**Provided data**
--------------------------------

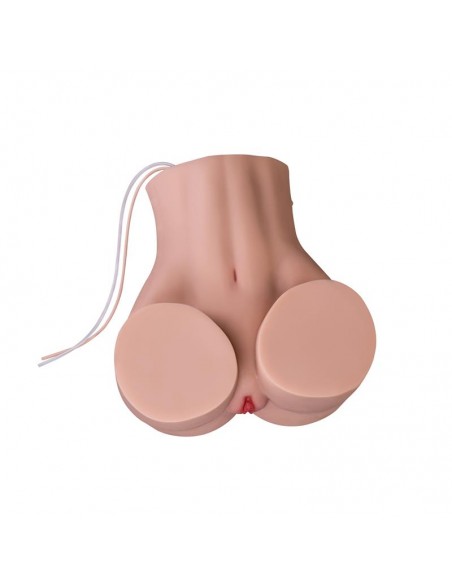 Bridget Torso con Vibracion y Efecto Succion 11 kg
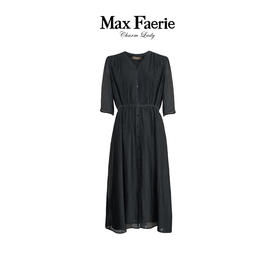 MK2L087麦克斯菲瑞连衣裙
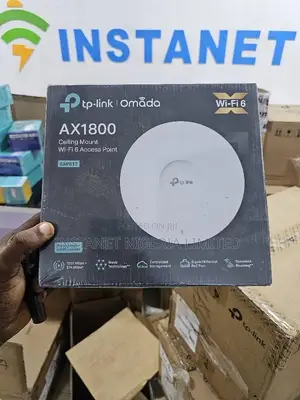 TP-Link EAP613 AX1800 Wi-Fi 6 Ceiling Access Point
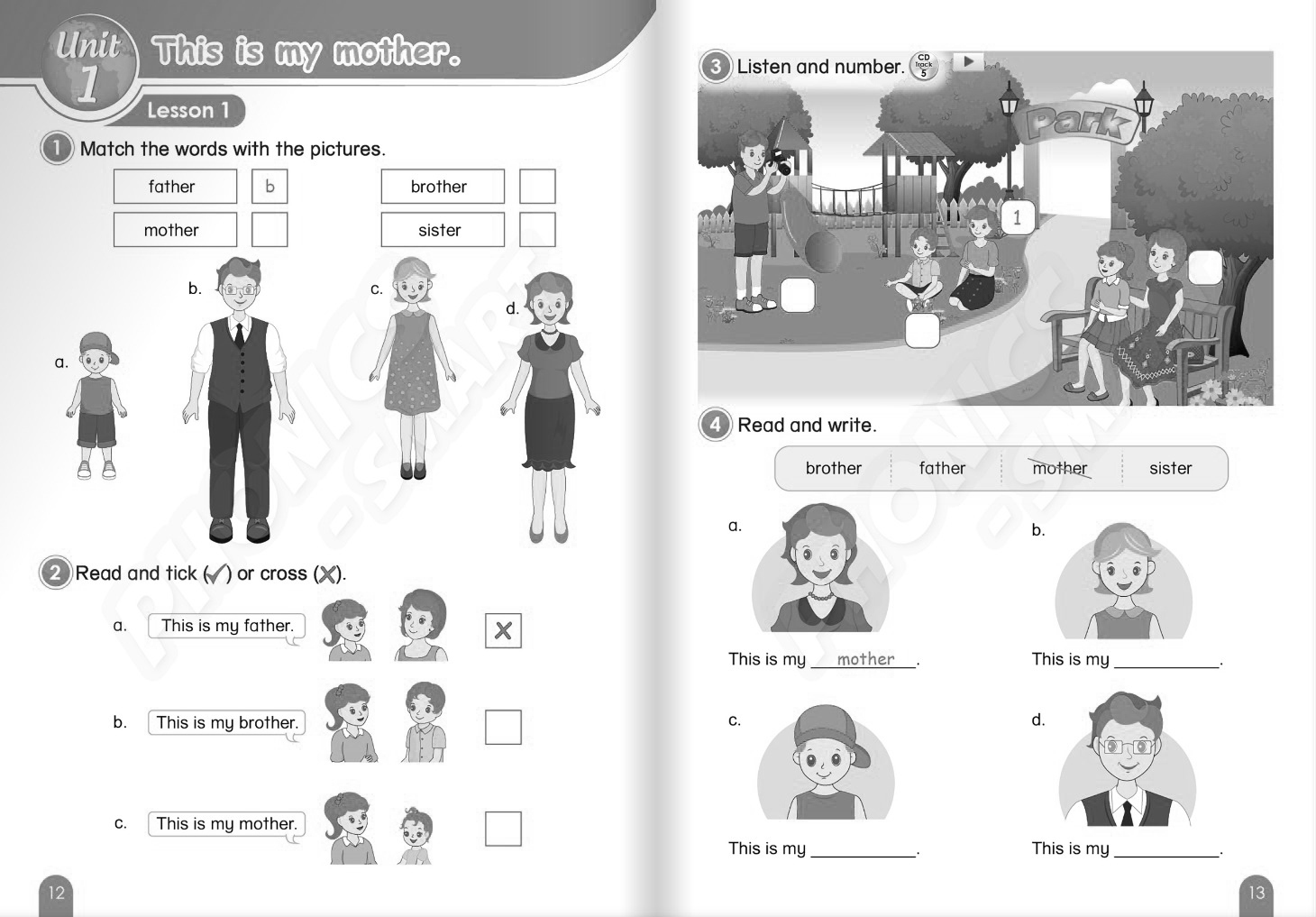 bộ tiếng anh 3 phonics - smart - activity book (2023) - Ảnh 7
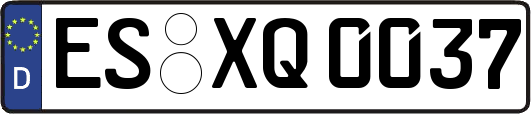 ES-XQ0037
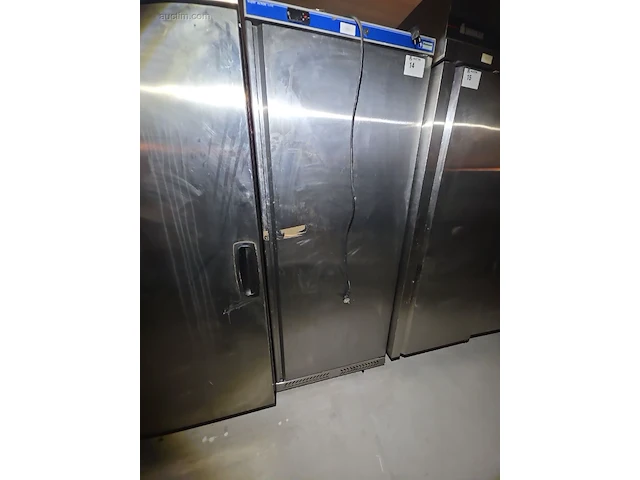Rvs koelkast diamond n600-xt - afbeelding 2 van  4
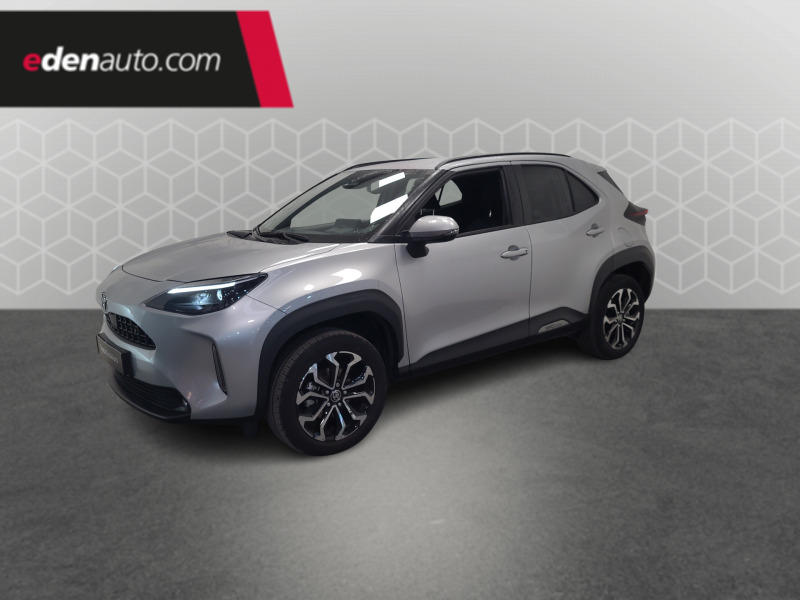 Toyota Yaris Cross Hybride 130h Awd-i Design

--------------------------------

**Problem requirements**
Pictures are not part of the copy; reproduce exactly and only the lines from the line containing "bộ tiếng anh" through the end of the listing.

**Task result**
 bộ tiếng anh 3 phonics - smart - activity book (2023) - Ảnh 7
 ES-XQ0037
Rvs koelkast diamond n600-xt - afbeelding 2 van  4
 Toyota Yaris Cross Hybride 130h Awd-i Design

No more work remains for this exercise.